While you may have everything going for you in your professional life, fear can be the one chink in your armour that means failure rather than success.
Of course, fear isn’t always a bad thing. It’s that which keeps us on our toes in many situations that require us to be really switched on. So when do you know your fear has become counterproductive? What can you do about it?
What are you scared of?
Perhaps the most common career fear is a fear of failure. Most of us experience this at various points in our lives, it’s pretty normal, – after all, we generally prefer to succeed in life than fail. However, a fear of failure has the potential to become so crippling that progress in your career is stunted. It can be easy to become bedded into your comfort zone, making the prospect of stepping outside it a frightening one. Giving into this fear will mean you pass up opportunities that could take you further in your professional life.

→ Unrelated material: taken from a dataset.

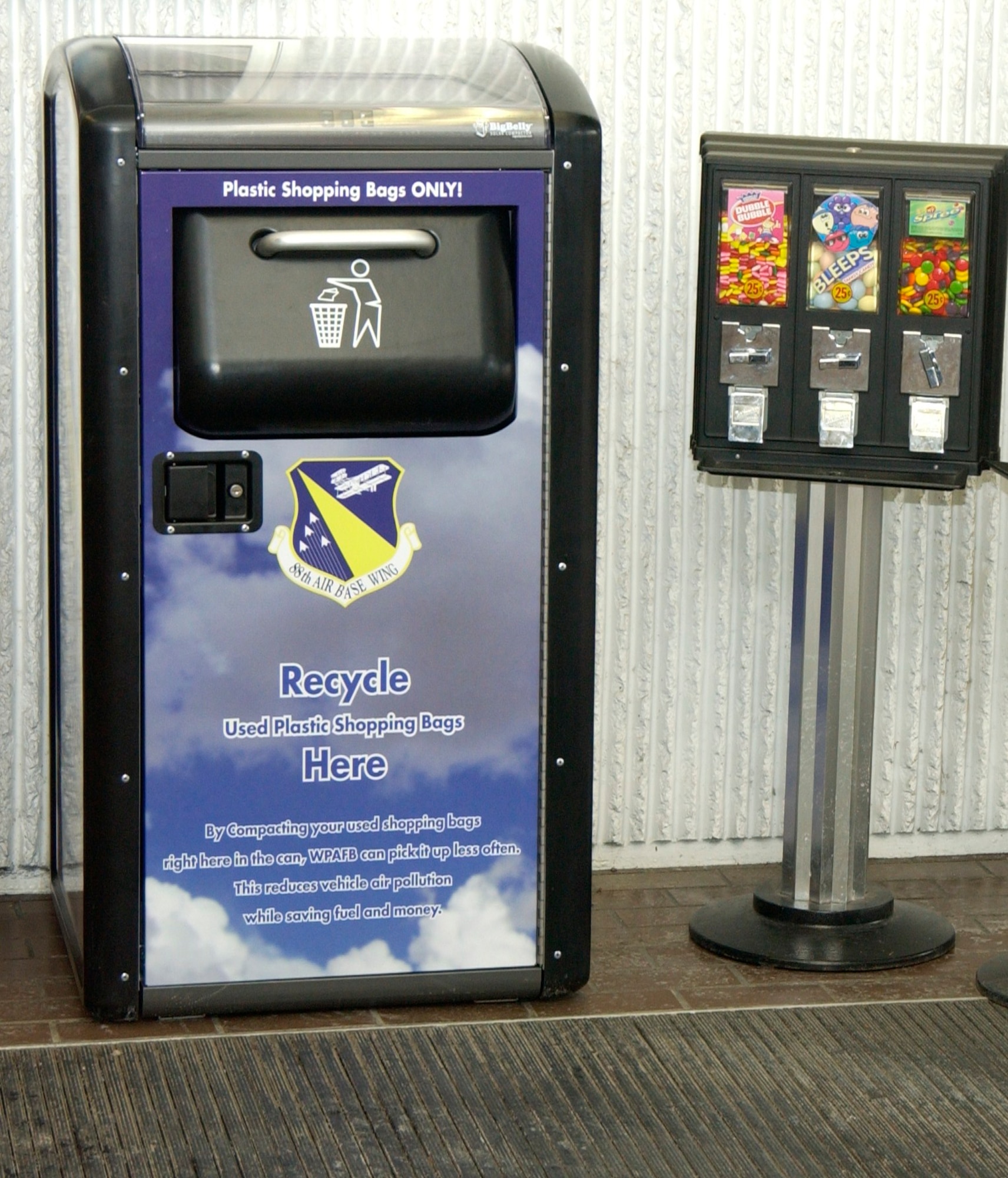 What's new in the entrance of the base Commissary?  Hint - it's not the candy machines.  It's the new solar plastic bag recycling machine compactor.  Wright-Patterson AFB now has three solar plastic bag recycling machines for people to discard their plastic bags which helps the base with recycling and stops filling up local landfills. (U.S. Air Force photo by Ted Theopolos)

So how do you deal with a fear of failure?
Don’t be afraid to make a mistake
A great habit to get into is to embrace your mistakes. Get into the right mindset about them – they happen, everyone makes them from time to time, you are not infallible and no one expects you to be, not even your boss. However, when mistakes happen, own them – fix the problem, learn from it and move on. You’ll soon find that they aren’t nearly as frightening as you thought. Some of the greatest successes have been borne out of huge mistakes. That’s not to say you shouldn’t be careful, especially in sensitive tasks, but don’t let the fear of making a mistake preoccupy you.

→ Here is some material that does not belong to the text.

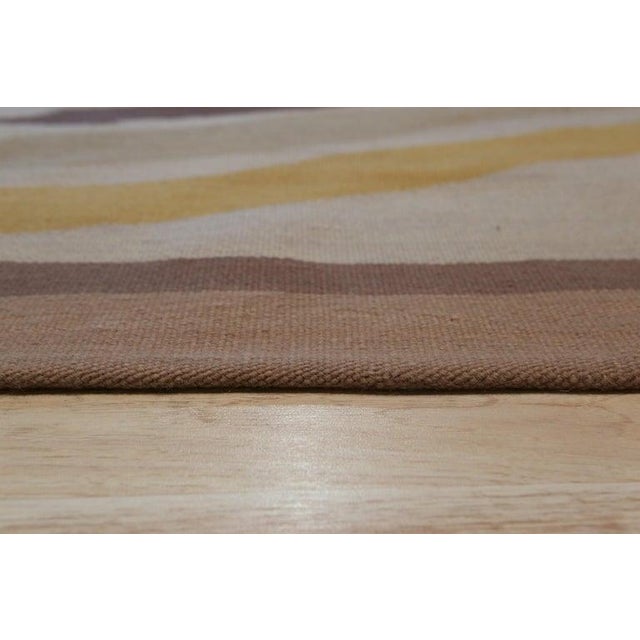 This 6 x 8 area rug is a flat weave Kilim crafted entirely from wool. The primary color palette features a neutral blend...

Don’t be afraid to ask for help
The prospect of asking for help makes many people feel that they’re presenting themselves as incompetent. Asking for help does not mean you’re incapable of doing your job. It does not mean you’re a weak link in the company. It simply means you could do with a hand.
Think about many people have come to you during your working life and asked for help with something. Did you immediately see them as incompetent? No. They were just asking for some help from a valued colleague and it probably made you feel pretty good about yourself. Asking for help and providing help is a very positive exchange in the workplace. You work as part of a team when you belong to a company, so take advantage of that fact – help others when they need it and lean back on them when you could do with some help yourself.
Don’t be afraid to say no
A pretty surefire way to risk coming unstuck at work and making a lot of your fears become reality is to bite off more than you can chew. Sometimes, this means you need to decline to do work that someone has asked you to. This can be difficult when someone of seniority is the one with the request. They’re important, so you may feel obliged to say yes, but what if you genuinely have no time to do the extra work they’re asking of you? This may be a time you need to say no, but make sure to do it the right way. Don’t give an outright ‘no’. Explain your position – tell them why you’d struggle to get it done. You might not get out of it completely, but maybe the deadline can stretch or someone else can take on some of it as well as you. If you level with whoever is asking, there won’t be any bad feeling about having declined, so don’t be afraid to do just that.
Career fear can be a huge obstacle to progressing professionally, so take control of it and don’t let it hold you back.